Empty Forest Phenomenon
When I lived in Montana, after I first moved there, I went hunting several seasons. I never even shot the rifle, except to sight it in. I did do a lot of walking as quietly as I could through miles of Montana forest in the late fall. I don't remember if one of my hunting companions taught me this, or it just occurred to me, but after a while I realized something: I can't take what I'm seeing and hearing and smelling there in the forest at that moment as necessarily representative of that area. Specifically, just because I don't see any deer, or squirrels or birds, doesn't mean there aren't any nearby.
That's because my presence goes out all around me. I'm noisy, even when I'm trying to be quiet. Because of my noisiness, animals are alerted to my presence well ahead of my physical arrival. On my side, my noisiness drowns out any faint rustlings that those alert deer might make as they move away from me. Basically, I send out a very subtle and shifting force field that blinds me to my surroundings.
The other day I was driving, and reveling in the speed, and exclaiming to myself that all San Diegans love to drive fast. It then hit me almost visually: My own speed had warped my perception of everyone else's speed. Not everyone drives fast - obviously, because I am more often passing than getting passed. I had somehow projected my revelry in driving fast onto all other drivers, even as I passed them going ten miles per hour faster than they were going.
There's this almost tragic horizon, this rippling that we send out around us in every direction, and we can't experience beyond it without disturbing that as well.
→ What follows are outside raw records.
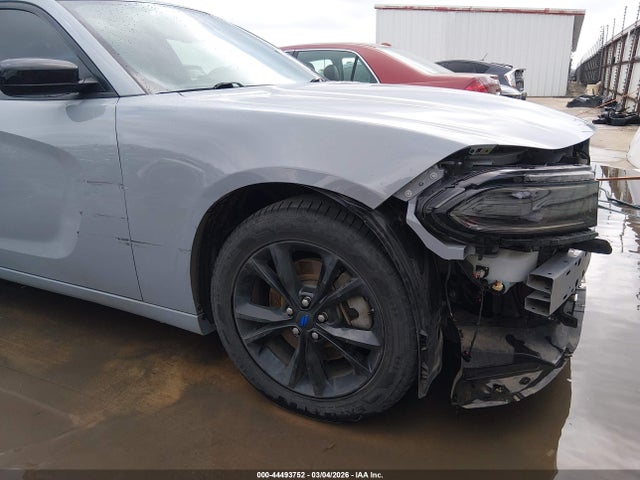 44493752 :رقم المزاد ، 2C3CDXJGXNH209761 vin ، 2022 Dodge Charger Sxt Awd مزاد بيع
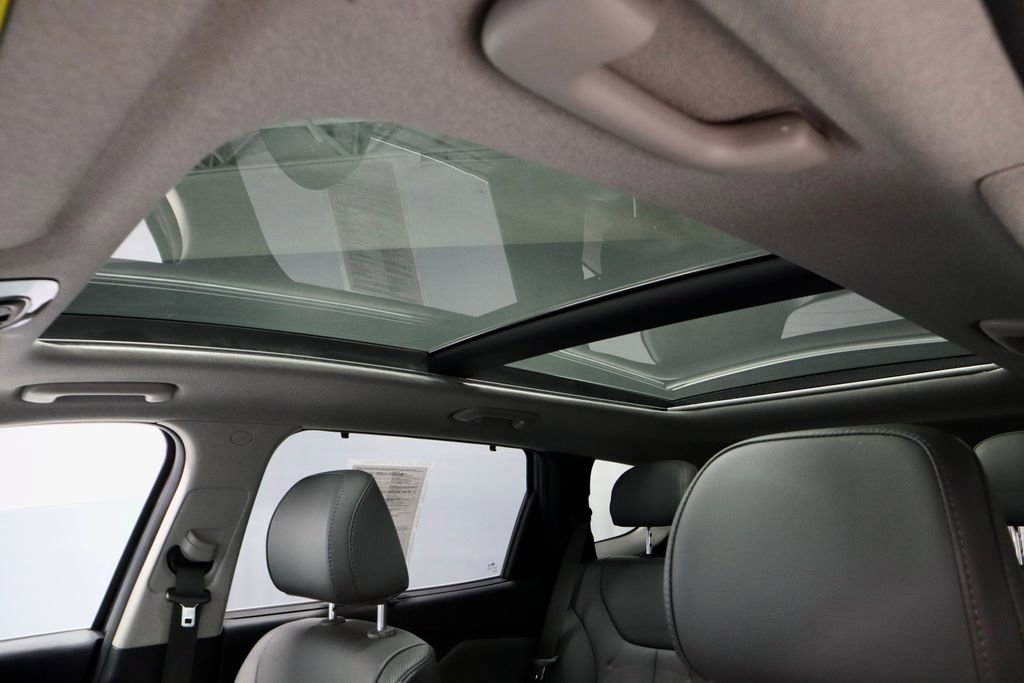 Certified 2023 Hyundai Santa Fe Limited image 29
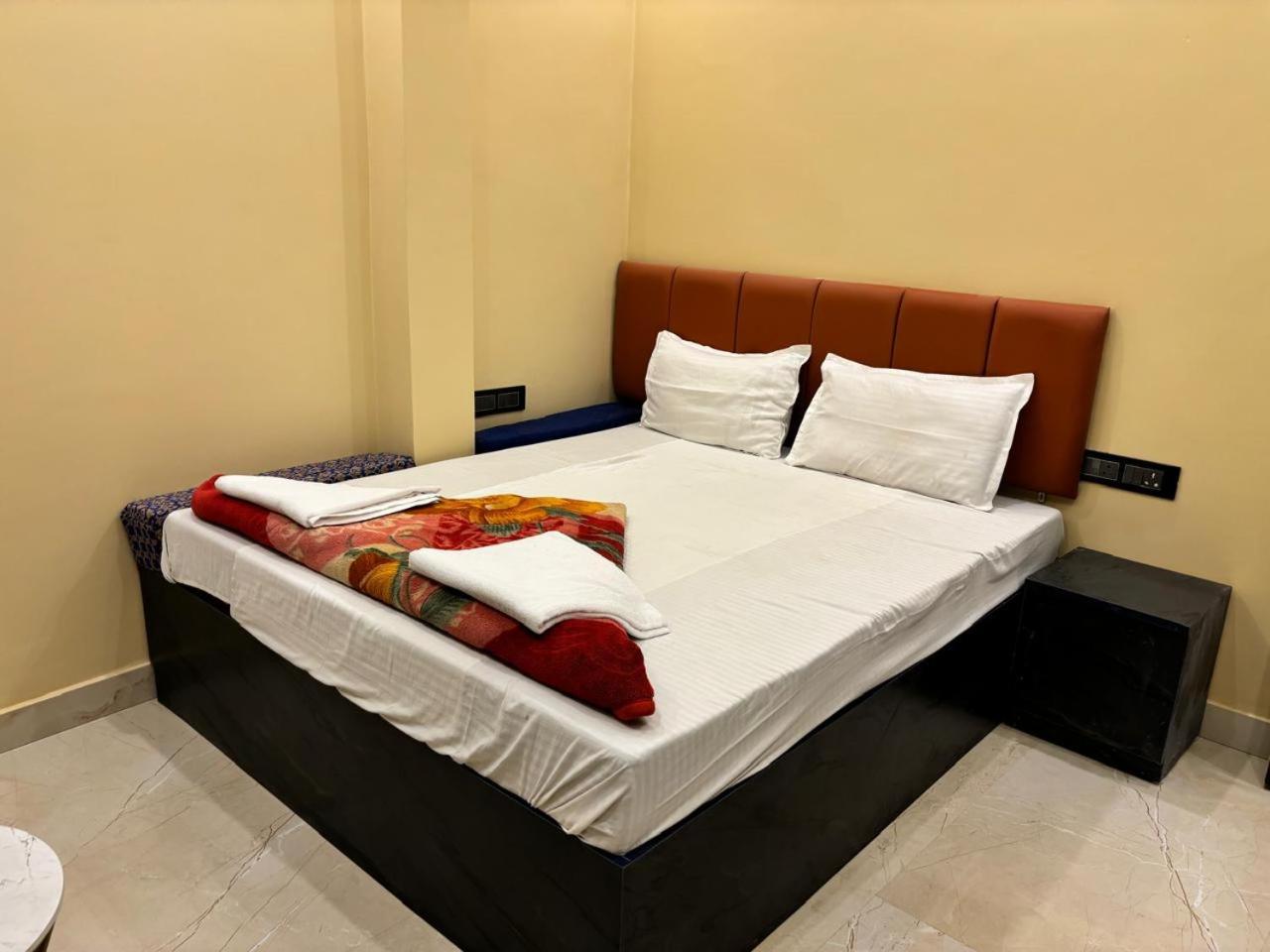 Holy City Bed & Breakfast Varanasi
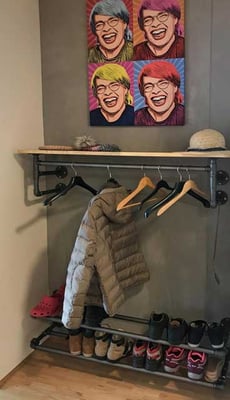 Flurgarderobe aus Rohren 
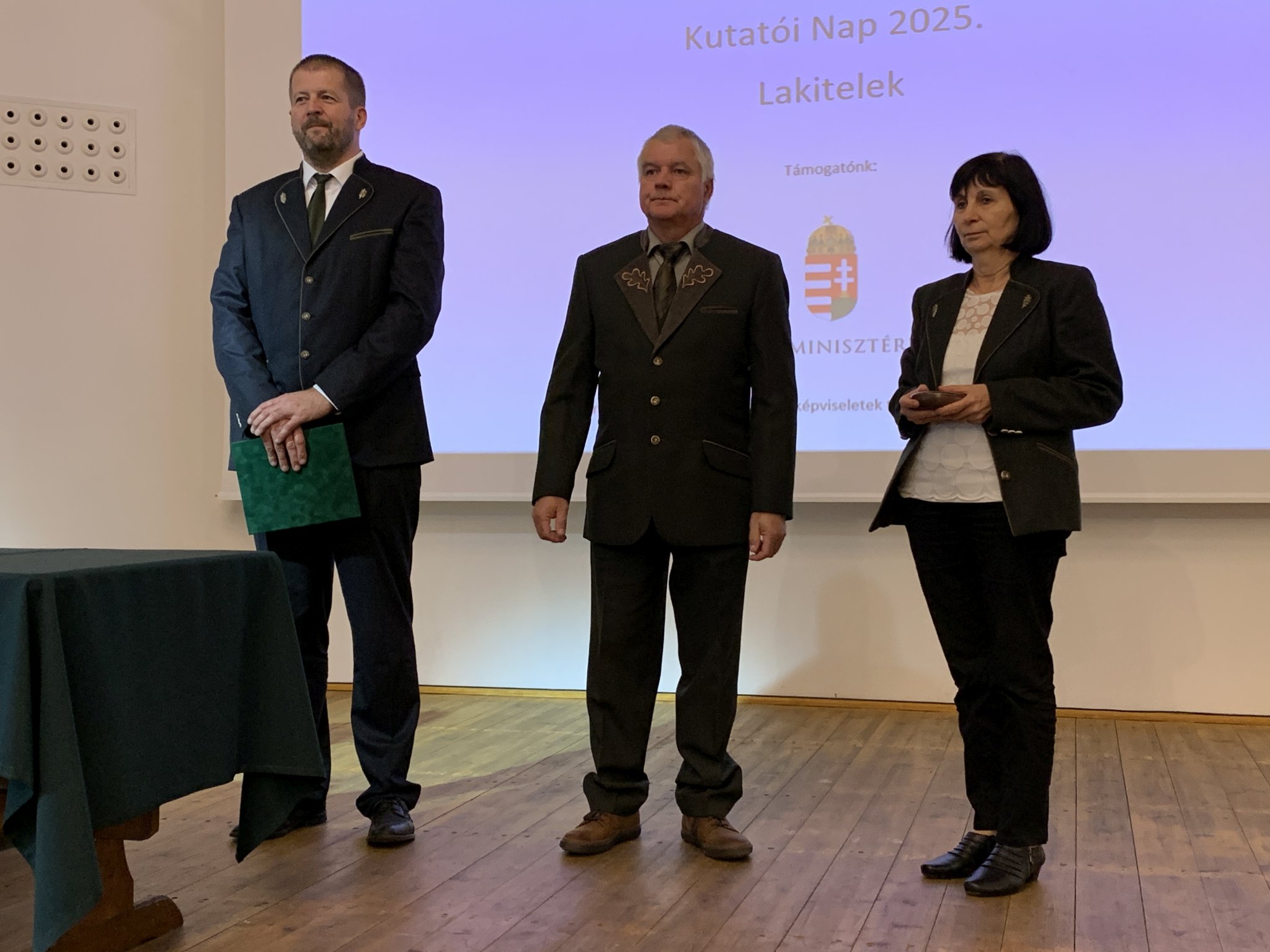 8. kép: Szécsi László kitüntetett szakoktató (középen). Andrésiné Dr. Ambrus Ildikó igazgató(j) és Sulyok Ferenc (b).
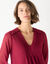 Robe unie &agrave; plis, voile plumetis (bordeaux)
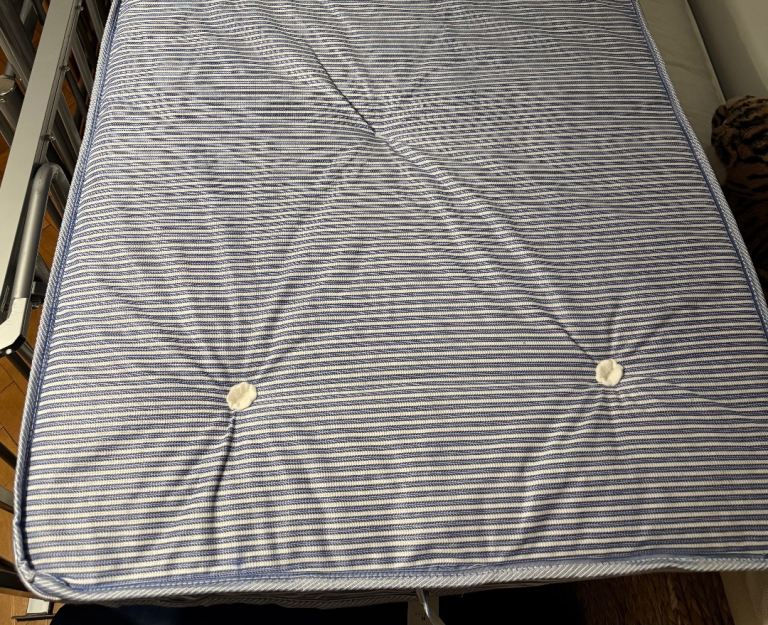 Single mattress for younger children used on a pull out bed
Another way of thinking of this projection is as a physical shadow cast by sources of light. We can't be without a shadow where there's light, but we so early in our infancy recognize our shadow that we never mistake it for anything else. It is never a source of confusion for us.
What would it be like if I could come to recognize the emotional and psychic level ripples I send out all around me? To learn not to be afraid of my own shadow?